Un joven que quería seguir el camino espiritual buscaba a un padre del monasterio de Sceta. -Durante un año, paga una moneda a quien te agreda -dijo el padre. A lo largo de doce meses, el muchacho pagaba una moneda siempre que era agredido. Al final del año, volvió junto al padre para saber el siguiente paso. -Vete hasta la ciudad a comprar comida para mí -dijo. En cuanto el muchacho salió, el padre se disfrazó de mendigo y, tomando un atajo que conocía, fue hasta la puerta de la ciudad. Cuando el muchacho se acercó, comenzó a insultarlo. -¡Qué bueno! -comentó el muchacho con el falso mendigo-. ¡Durante un año entero tuve que pagarles a todos los que me agredían, y ahora puedo ser agredido gratis, sin gastar nada! Al oír esto, el padre se quitó el disfraz. -Estás preparado para el paso siguiente, porque consigues reírte de los problemas -dijo.
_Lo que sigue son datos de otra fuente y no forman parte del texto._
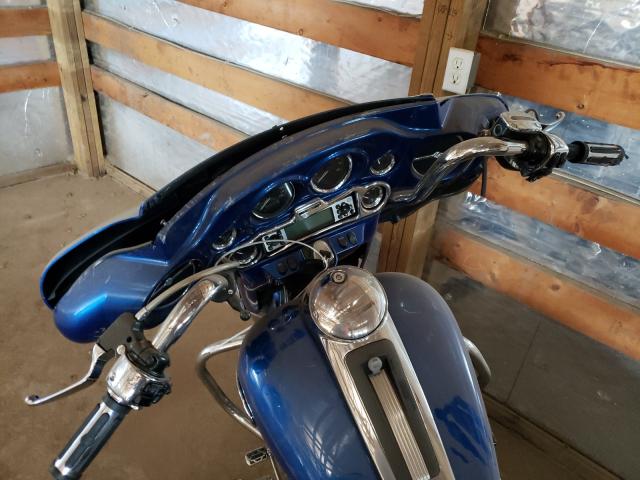 2008 HARLEY-DAVIDSON FLHTCU 1HD1FC4158Y681789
El viajero caminaba con otros dos amigos por las calles de Nueva York. De repente, en medio de la banal conversación, los dos empezaron a discutir y casi llegaron a pelearse. Más tarde, ya con los ánimos serenados, se sentaron en un bar. Uno de ellos le pidió disculpas al otro: -Me he dado cuenta de que es mucho más fácil herir a personas que son cercanas -dijo-. Si fueses un extraño, me hubiese controlado mucho más. Sin embargo, precisamente por el hecho de ser amigos, y porque me entiendes mejor que nadie, acabé siendo mucho más agresivo. Ésta es la naturaleza humana. Tal vez ésta sea la naturaleza humana, pero vamos a luchar contra ello.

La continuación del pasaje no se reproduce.